Mark Paston celebrates with team mate Simon Elliott after beating Bahrain in the FIFA World Cup Intercontinental Playoff in 2009. Photo: Andrew Cornaga /

Former All Whites goalkeeper Mark Paston was a hero of the All Whites’ qualifying campaign for the 2010 FIFA World Cup, famously saving a penalty against Bahrain as New Zealand qualified for the biggest event on the planet for just the second time.

We caught up with him to hear his memories of that magical day at Westpac Stadium in Wellington in 2009 and get his thoughts on the current All Whites’ chances against Peru.

How do you feel when the Intercontinental Playoff rolls around again every four years?

This time of year always brings back memories and there are always a lot of people asking about it. But it was eight years ago now and it’s sometimes quite hard to recall all the memories. But, looking back, it was a pretty special time for me and all those players involved.

What is your fondest memory of that amazing win over Bahrain?

Probably the final whistle. It was an intense 90 minutes and to get to the end and have the result we needed was a huge relief more than anything. And the celebrations afterwards from the crowd and everyone having a party on the pitch was something that’s stuck with me.

How did the atmosphere that day compare to other games in the rest of your career?

I think that was the best atmosphere I’ve ever played in, definitely in New Zealand by a country mile. I think all the ingredients were there to create the environment and it doesn’t come about very often, which is a shame because everyone who was there described it as the best sporting event they’ve ever been to. It’s a shame it’s only every four years and we can’t recreate that more often.

That 2009 team then went on to go through the 2010 FIFA World Cup undefeated, why do you think they were able to do so well?

I think we had a bunch of guys who were willing to go out and fight for each other, we definitely didn’t have the most talented team there, although we did have some good players such as Ryan Nelsen, Simon Elliott and a few other players who were playing at a high level. But it was definitely the fact we had a bunch of players who were out there looking after one another. You compare that to some of the other international teams where all their players are playing at the top, top level but they don’t get the results they need. It’s quite fascinating lookin at the make-up of the teams and how they actually perform. The talent and what club you play at is only part of the puzzle.

What advice would you give to the team looking to follow in your footsteps against Peru?

Firstly, they have to believe they can do it.

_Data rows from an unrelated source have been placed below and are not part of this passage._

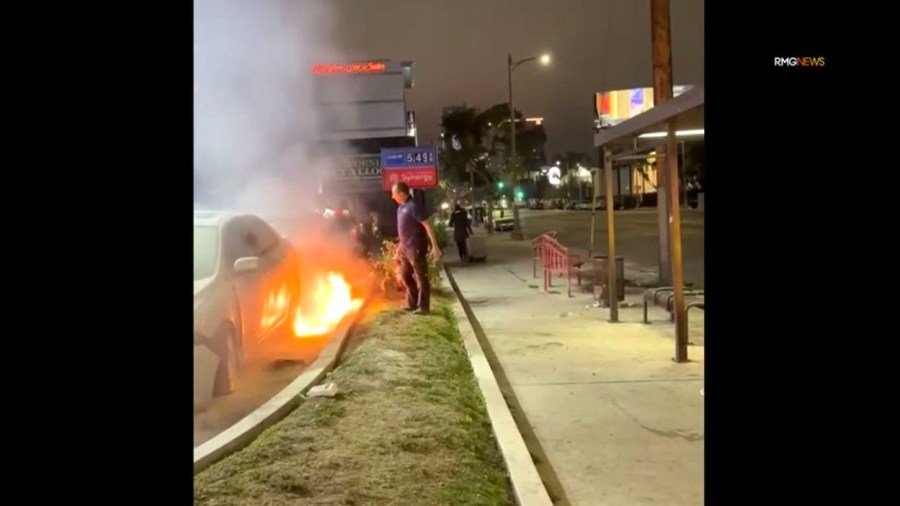 Un transeúnte con un extintor interviene cuando el sospechoso prendió fuego a un automóvil en una gasolinera de Hollywood el 27 de diciembre de 2024. (RMG)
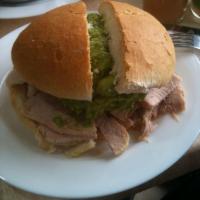 Lomite Palto Sandwich · A sandwich with thinly sliced pork meat and avocado in a freshly baked bun. Includes papas f...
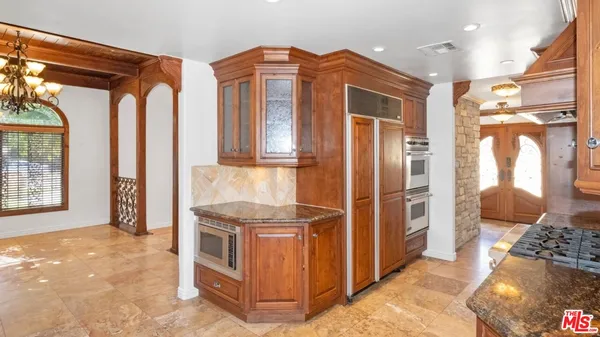 a bathroom with a sink and a large mirror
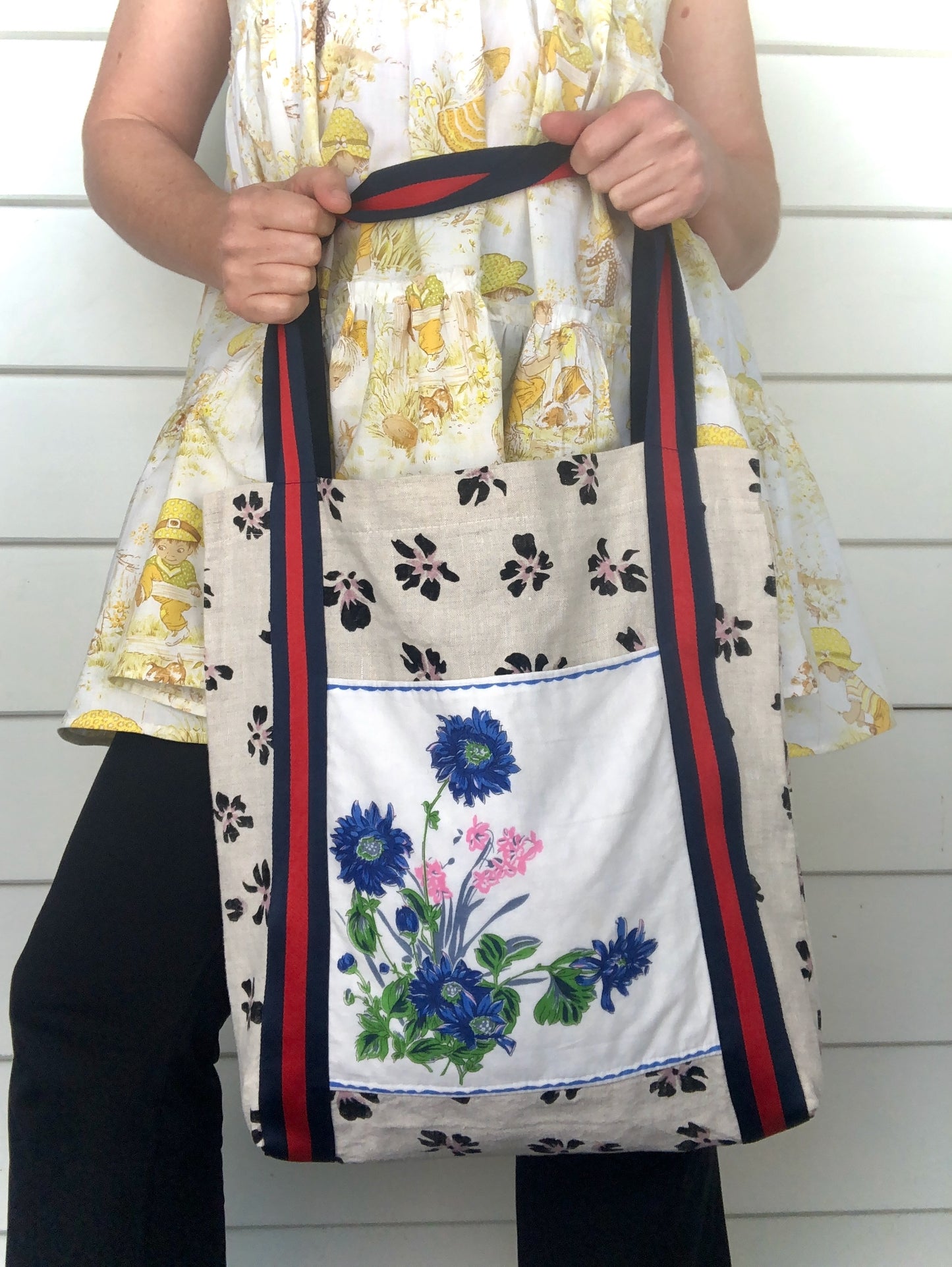 Woman wearing a yellow Sarah Kay babydoll dress and holding a floral tote bag with a large blue and pink floral design and read and navy striped straps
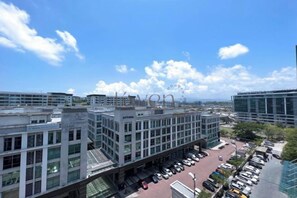 A multi-story building with a parking lot in front.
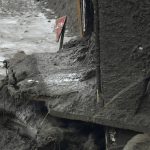 
              A stop sign covered by mud stands near a destroyed house at a mudslide area caused by heavy rains in Atami, Shizuoka Prefecture, west of Tokyo, Monday, July 5, 2021. Rescue workers are slogging through mud and debris looking for dozens unaccounted for after a giant landslide ripped through the Japanese seaside resort town. (AP Photo/Eugene Hoshiko)
            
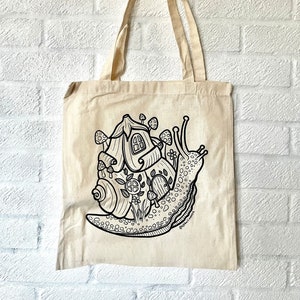 May include: Beige canvas tote bag featuring a whimsical black and white illustration of a snail carrying a house on its back. The snail house has mushroom accents and a door. The tote bag has long beige handles.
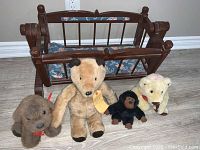 Wooden toy rocking cradle with four teddy bears lined up in front on the floor.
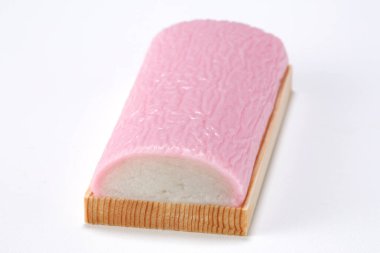Pink and white kamaboko fish cake resting on board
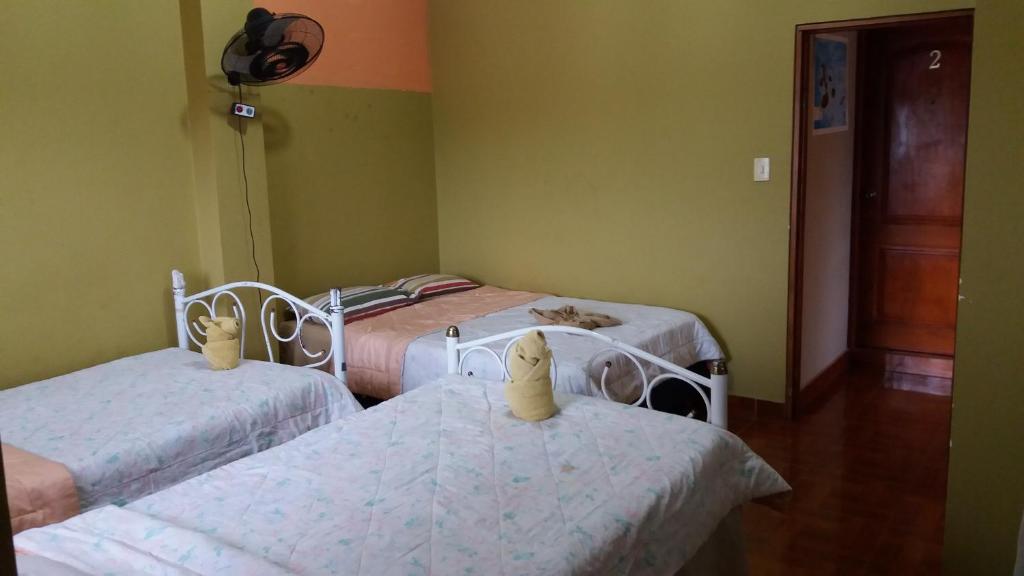 Postel nebo postele na pokoji v ubytování Hostal Dorys Mar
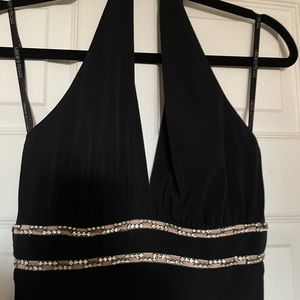 Sophisticated Black evening gown with a split on the side.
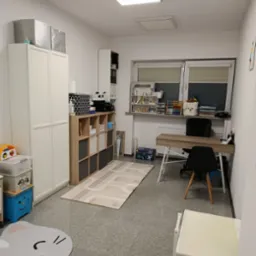 Pokój terapeutyczny z biurkiem, regałami i dywanem z motywem ulicy. Stonowana kolorystyka, jasne oświetlenie, przytulna aranżacja przestrzeni dla dzieci.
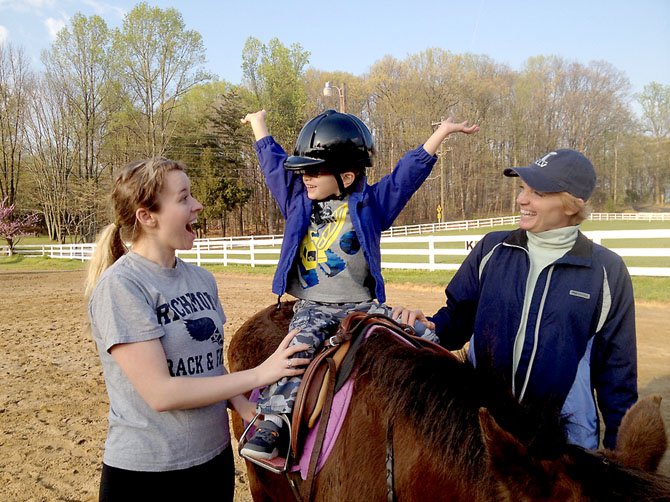 A young rider celebrates a new skill with trainers at the Northern Virginia Therapeutic Riding Program in Clifton.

I think they’ve got the team to do it and if you go through the squad they’ve got players playing at the top level in Europe and the MLS as well. You’ve also got a bunch of guys who look like they’re in form for their clubs as well. They’re going to have to be able to soak up a lot of pressure as well, especially in the away leg because no doubt Peru will have the ball for long periods of time. And they need to put their chances away, they’ll get chances over 180 minutes and it’s just a matter of putting those in the net. They may only need one goal to go through, which is what we did in 2009.